In the study, a qualitative approach and content analyses were preferred. Firstly, the findings related to students’ attitudes and opinions on distance learning were determined. The research team read selected sections independently. Researchers have come to a consensus on the themes of perception and attitudes, advantages of distance learning, disadvantages of distance learning, and challenges for distance learning. It was decided which study would be included in which theme/s. Finally, the findings were synthesized under themes.

Only 3 studies (Lassoued et al., 2020; Viktoria and Aida, 2020; Todri et al., 2021) were conducted to cover more than one country. Other studies include only one country. Surveys and questionnaires were mostly used as measurement tools in the study. Due to pandemic restrictions, online data collection approaches were preferred in the data collection process.

Students’ views on distance learning are grouped under four themes. These themes are perception and attitudes, advantages of distance learning, disadvantages of distance learning, and challenges for distance learning.

Perception and Attitudes Toward Distance Learning

Students’ attitudes toward distance learning differ according to the studies. In some studies (Mathew and Chung, 2020; Avsheniuk et al., 2021), it is stated that especially the students’ attitudes are positive, while in some studies (Bozavlı, 2021; Yurdal et al., 2021) it is clearly stated that their attitudes are negative. In addition, there are also studies (Akcil and Bastas, 2021) that indicate that students’ attitudes are at a moderate level. The transition to distance learning has been a source of anxiety for some students (Unger and Meiran, 2020).

When the students’ satisfaction levels are analyzed, it is obvious from the research (Gonçalves et al., 2020; Avsheniuk et al., 2021; Bakhov et al., 2021; Glebov et al., 2021; Todri et al., 2021) that the students’ satisfaction levels are high. In some studies, it is pronounced that the general satisfaction level of the participants is moderate (Viktoria and Aida, 2020; Aldossary, 2021; Didenko et al., 2021) and low (Taşkaya, 2021).

When students compare face-to-face and online learning methods, they state that online learning has opportunities to compensate for their deficiencies due to the pandemic conditions (Abrosimova, 2020) and but they prefer face-to-face learning (Gonçalves et al., 2020; Kaisar and Chowdhury, 2020; Bakhov et al., 2021). Distance learning is not sufficiently motivating (Altun et al., 2021; Bozavlı, 2021), effective (Beltekin and Kuyulu, 2020; Bozavlı, 2021), and does not have a contribution to students’ knowledge (Taşkaya, 2021). Distance education cannot be used in place of face-to-face instruction (Aldossary, 2021; Altun et al., 2021).

Advantages of Distance Learning

It is mostly cited advantages that distance learning has a positive effect on achievement and learning (Gonçalves et al., 2020; Lin and Gao, 2020; Aldossary, 2021; Altun et al., 2021; Şahin, 2021).
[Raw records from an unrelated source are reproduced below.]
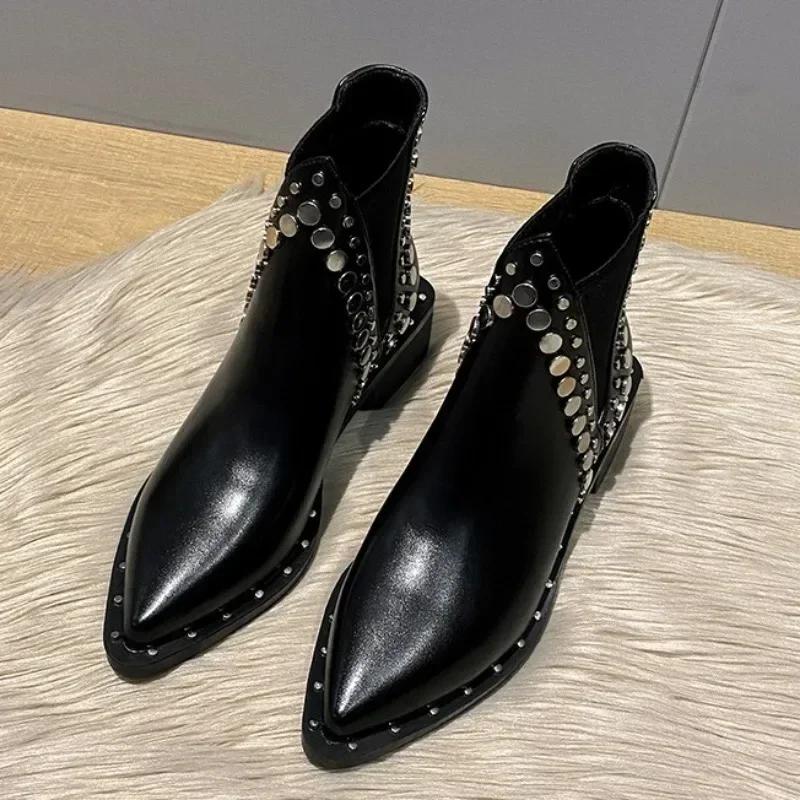 New Womens Ankle Boots Sexy Pointed Toe Punk Style Rivet-decorated Women's Knight Boots Winter Warm and Fashion Short Boots
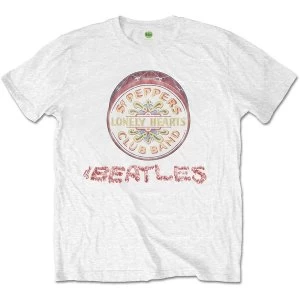 Image of The Beatles - Flowers Logo & Drum Unisex Large T-Shirt - White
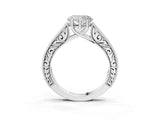White gold Heart Cut Pave Band Milgrain Solitaire Ring_9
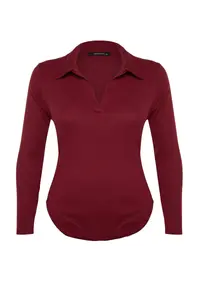 Trendyol Curve Burgundy Fitted Ribbed Shirt Collar snaps Knitting Bodysuit - Image 6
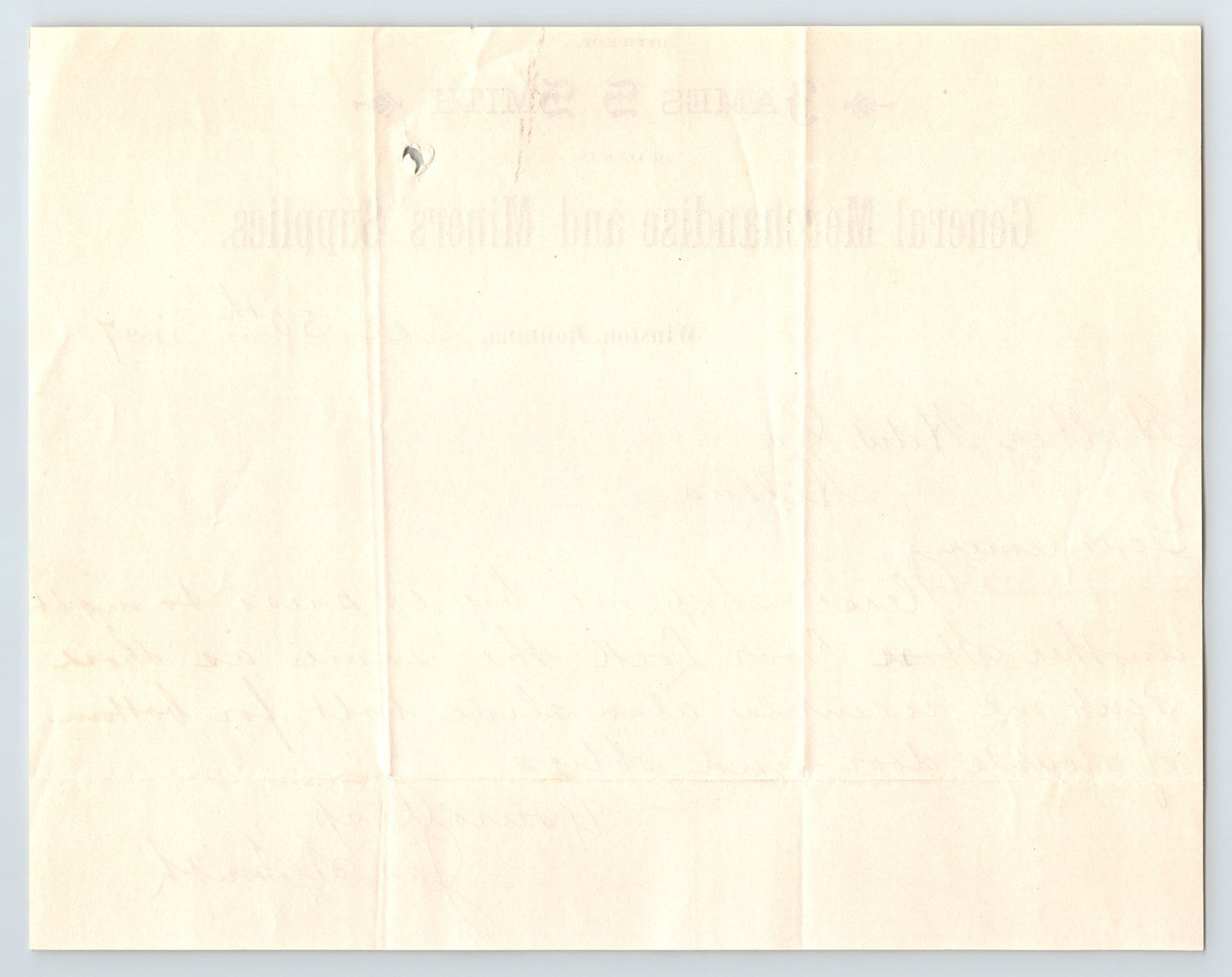 Winston Montana 1897 James S Smith Merchandise Miners Supplies Letterhead 8 x 6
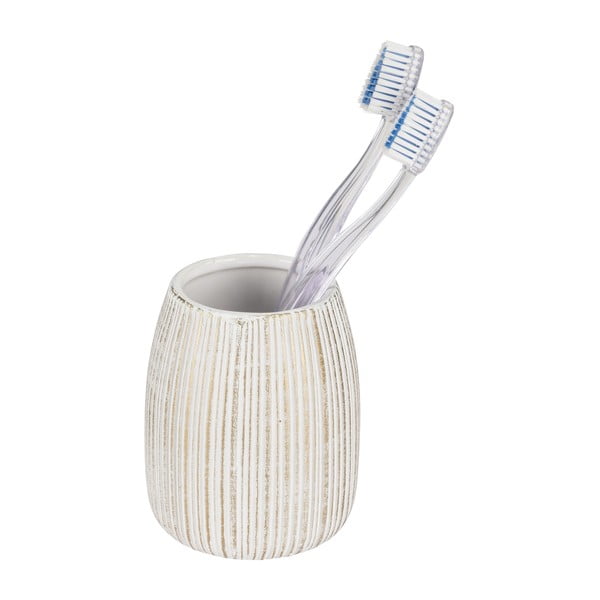 Portaspazzolino bianco/dorato in ceramica Pascoli – Wenko-image-2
In addition, in distance learning, students can have more resources and reuse resources such as re-watching video (Önöral and Kurtulmus-Yilmaz, 2020; Lamanauskas and Makarskaitė-Petkevičienė, 2021; Martha et al., 2021).

Distance learning for the reason any time and everywhere learning (Adnan and Anwar, 2020; Lamanauskas and Makarskaitė-Petkevičienė, 2021; Todri et al., 2021). There is no need to spend money on transportation to and from the institution (Lamanauskas and Makarskaitė-Petkevičienė, 2021; Nenakhova, 2021). Also, staying at home is safe during pandemics and less stressful for students (Lamanauskas and Makarskaitė-Petkevičienė, 2021).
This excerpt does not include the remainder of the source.